On Mon, 2008-01-28 at 12:04 -0800, Seth Grimes wrote:
> Column stores are all the rage now in the data warehousing world as an
> alternative to traditional approaches and to MPP approaches that include
> Greenplum. There's one company, InfoBright, that's offering a
> column-store engine, not open source, for MySQL.
>
> Would a column store work within PostgreSQL from a technical point-of-view
> and is anyone pursuing this?
>
> (As an aside, I explored something along these lines myself in the
> mid-'90s using InterBase (now Firebird) and Illustra, building on top of
> blobs to store data arrays.)
I've looked into doing this to see how hard it would be.

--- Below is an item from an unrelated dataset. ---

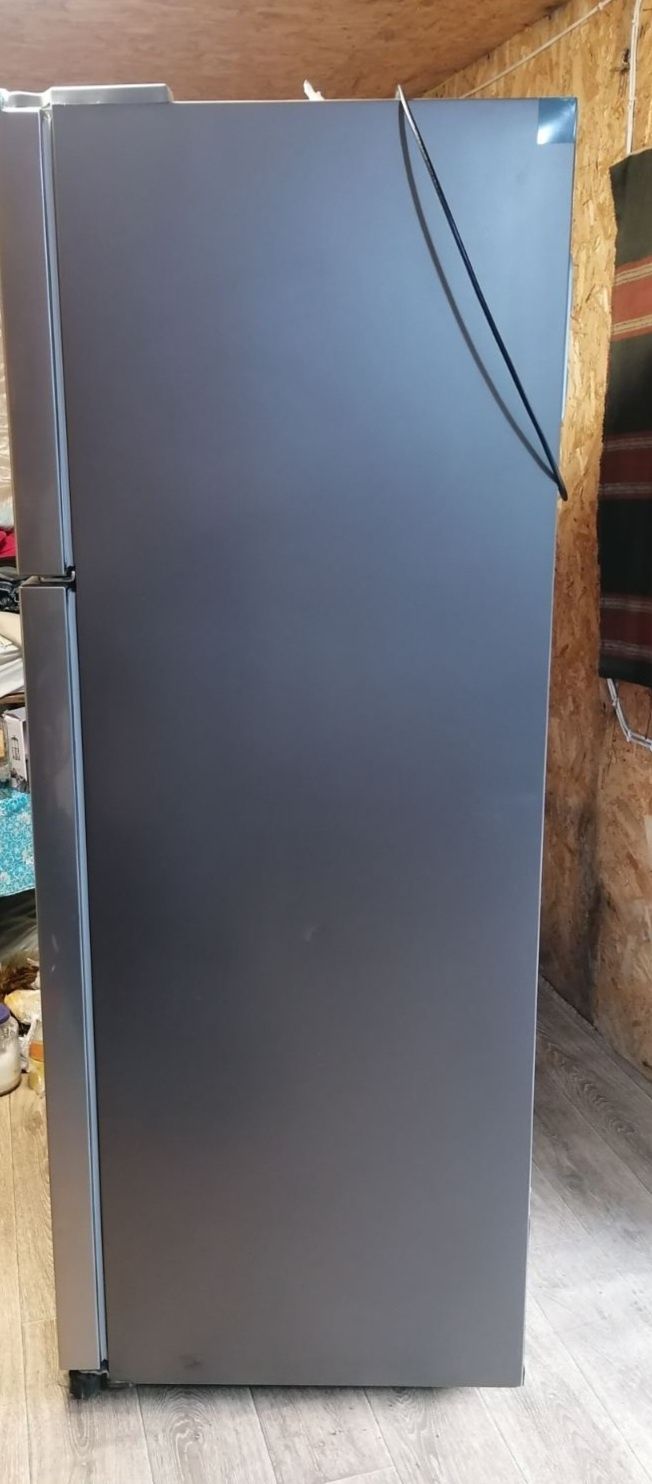 Холодильник камера морозилка SAMSUNG RT46K6340S8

The main thing to consider is what it can be used for. Column stores
don't have the same use case as row stores, as Stonebraker himself
points out. That's a slightly different thought than "it just goes
faster", which is the 0.1% summary of his research touted by the
marketing department.
The column approach is basically the same thing as having all indexes,
but not actually storing the row in the heap. So it's smaller and more
efficient for many types of query, but not all. It's a fairly drastic
move to say we know enough about the types of queries people will run
that we can just not store the entire row. Some databases might know
that but generally Data Warehouses aim for business flexibility, not
just performance at any price.
Any implementation for Postgres would gain benefit from blending row and
column approaches within the same database, as an option rather than as
a must-have.
--
Simon Riggs
2ndQuadrant http://www.2ndQuadrant.com